Now, the available interpretations:
1) Therefore we should find meaning not in what is temporary, but have a broader view and carve out some stability. But Dalrock also says that you should first also have a fiery passion for your wife to be. He advocates first harnessing the madness of love, and then fixing stability through a force of will and contractual obligation.
2) Avoid the madness of love altogether
3) Have a moment to moment appreciation for feelings where the only thing that matters is what is in front of your face
4) Embrace the madness and have a bigger vision, but be flexible, adaptable, and embrace change. Serial and parallel monogamy. Understand the long term patterns, and use them to advantage.
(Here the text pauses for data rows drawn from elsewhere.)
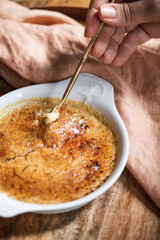 Hand of woman eating Crema Catalana Spanish dessert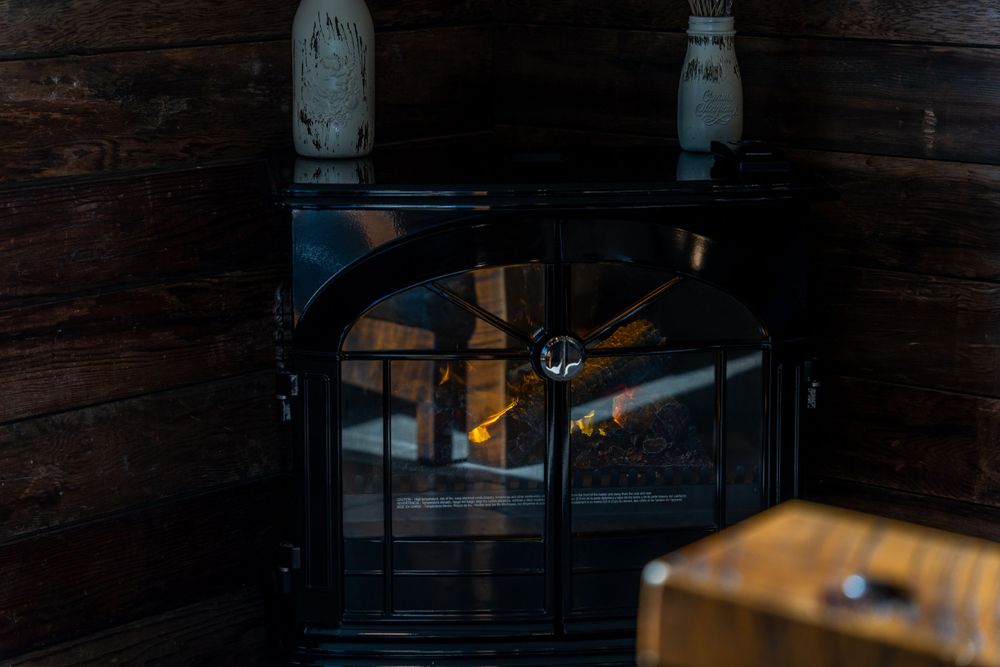 Close-up of electric fireplace, showcasing glowing flames and modern design in a cozy living space.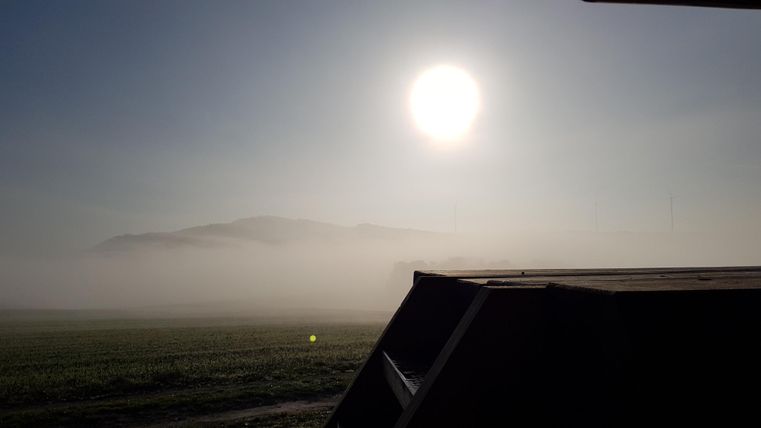 Eine neblige Landschaft mit der aufgehenden Sonne im Hintergrund. Im Vordergrund ist ein halbsichtbarer Gegenstand zu sehen.
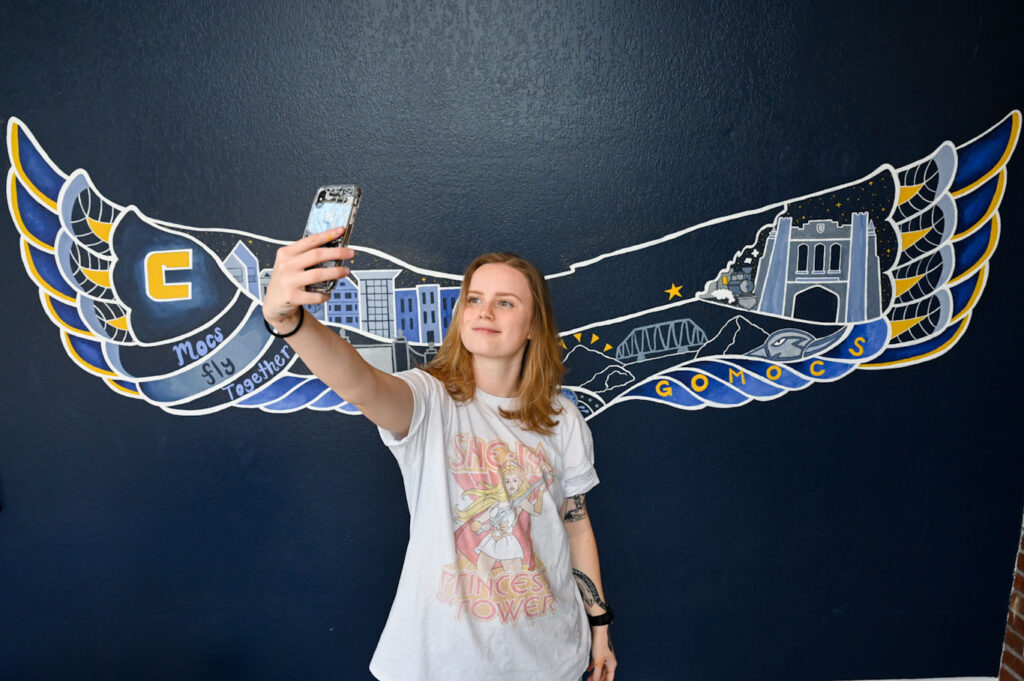 UTC junior Corinna Lingle takes a selfie in front of her mural in the lobby of the UC Foundation Apartments. Photo by Angela Foster.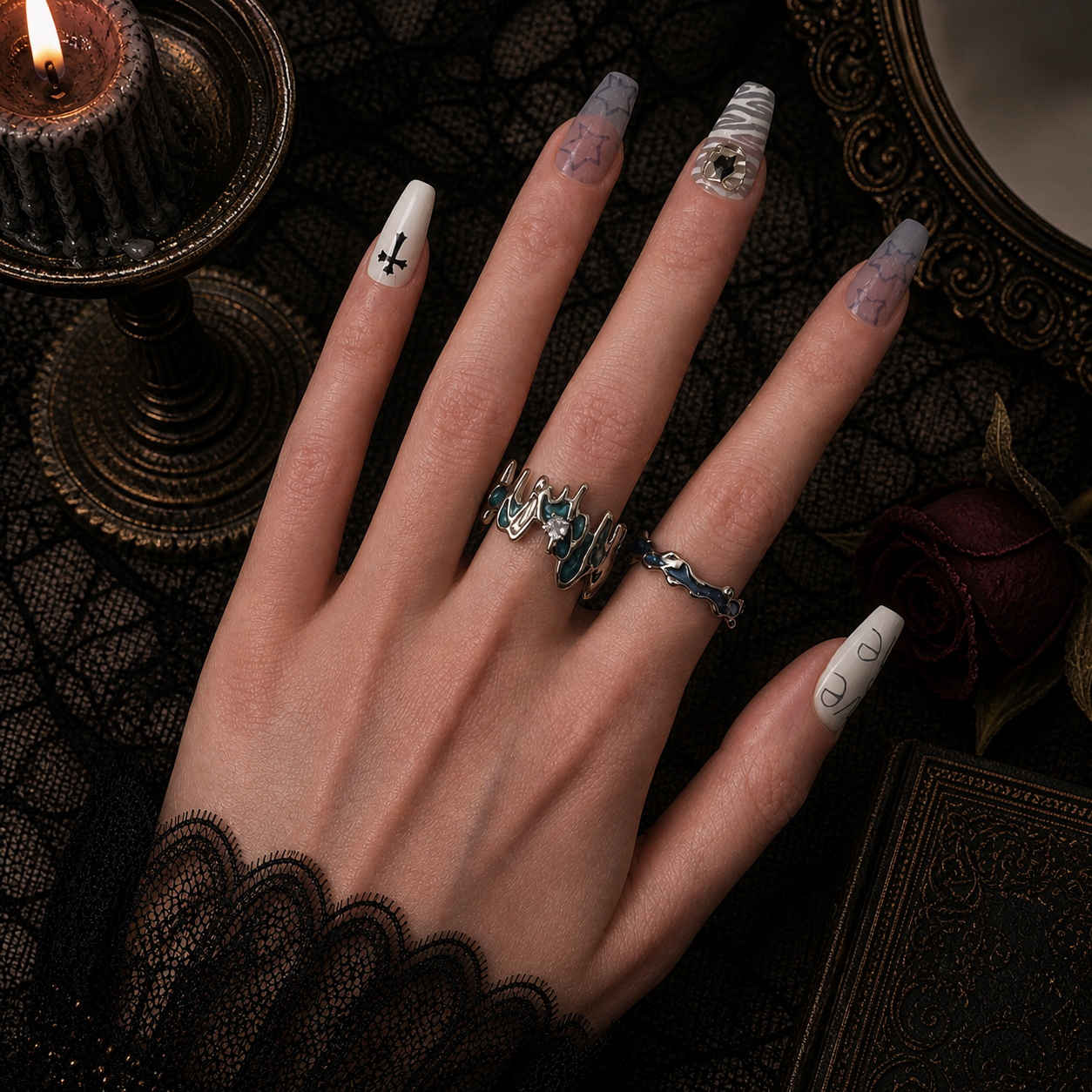 Teal enamel molten wide band ring with clear stone and teal wavy slim band worn together on hand, dark gothic candle background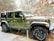 A green, four-door Jeep with the model name 'WILLYS' on the hood is parked outdoors during a snowfall. There are trees in the background with some branches covered in snow, while others have dry leaves.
I choose number four. Just because love is an illusion doesn’t mean that it isn’t real enough. It is subjectively real, and inter-subjectively real. Are the emotions a crowd feels at a music concert “real”? They are felt to be real, and that’s real enough. Yes, they are temporary. In a few years you might not even like that genre of music anymore. So what? It feels good to go with friends and lovers to music concerts.
I know that some people crave meaning in the form of long term stability. Long term stability and family is deeply important to some people, and perhaps for them it’s a bedrock upon which to build a happy life. I’ve seen that approach work, in the families of my parents, aunts, uncles, grandparents and cousins. Sometimes that solution is interrupted by divorce, but still, that approach can be solid.
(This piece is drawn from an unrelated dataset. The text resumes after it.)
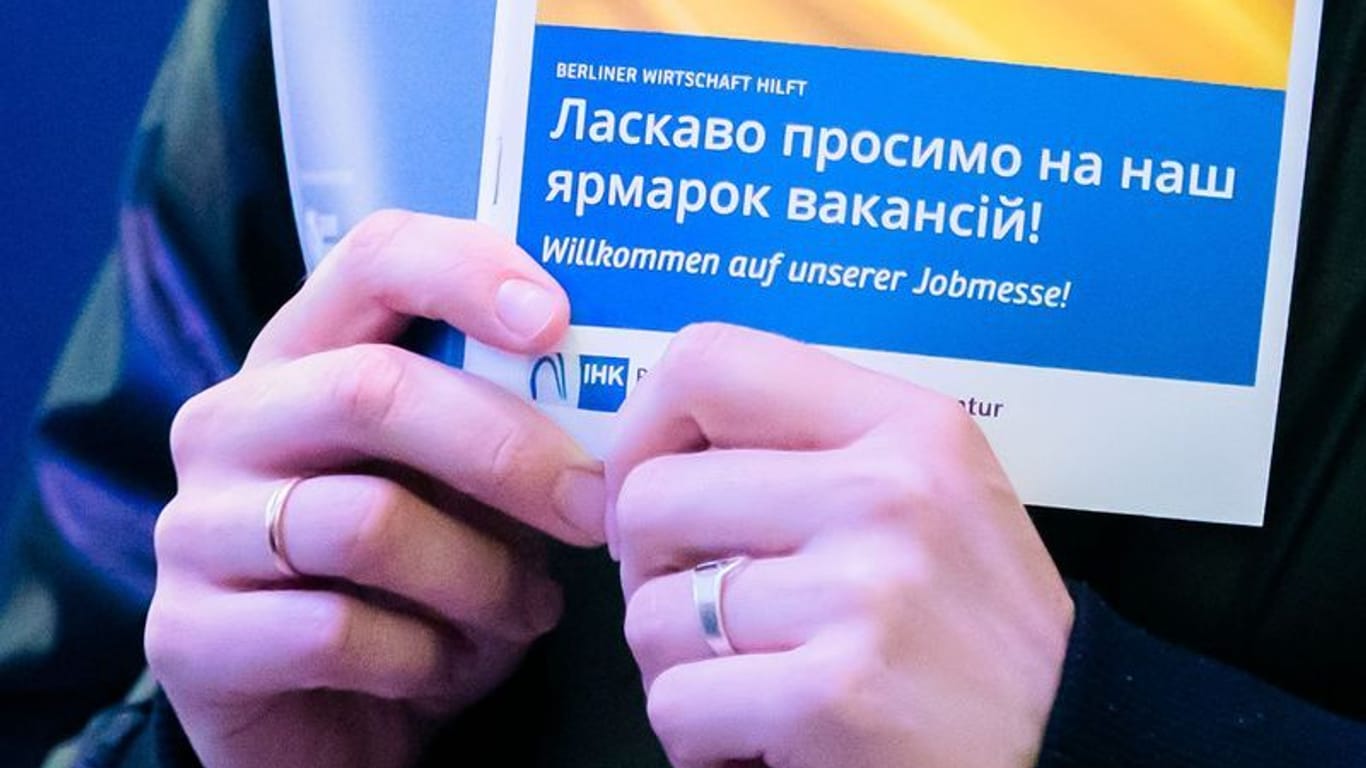 Frau mit Broschüre in ukrainischer Sprache einer Jobmesse: Die Zahl der Beschäftigten aus der Ukraine wird wohl in den nächsten Wochen und Monaten deutlich steigen.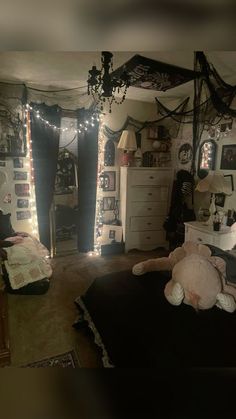 a bedroom decorated with halloween decorations and lights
But others of us find meaning within change. We don’t need a long future time orientation in order for our feelings to be meaningful.
xsplat says:
4) Embrace the madness and have a bigger vision, but be flexible, adaptable, and embrace change. Serial and parallel monogamy. Understand the long term patterns, and use them to advantage.
So no children, no marriage, and no putting the house and bank account on the line for a short term relationship that is going to vanish anyway.
https://dalrock.wordpress.com/2012/12/28/feral-love/#comment-64988
Anonymous,
Having really just started my life post-divorce, I often wonder if my wife will ever look back as you described in the above post. I truly wonder how, in the face of some pretty glaring statistics, not the least of which is the horrible impact of divorce on children, why the webosphere is not overrun with blogs from women warning their sisters of the fate that likely awaits them. I suppose the rationalization force is stronger than i ever could have imagined.
https://dalrock.wordpress.com/2012/12/28/feral-love/#comment-64944
The idea of fraternal correction or rebuke has simply become passe in today’s society in general. It is unspeakably unacceptable for a husband to ever think about rebuking his wife.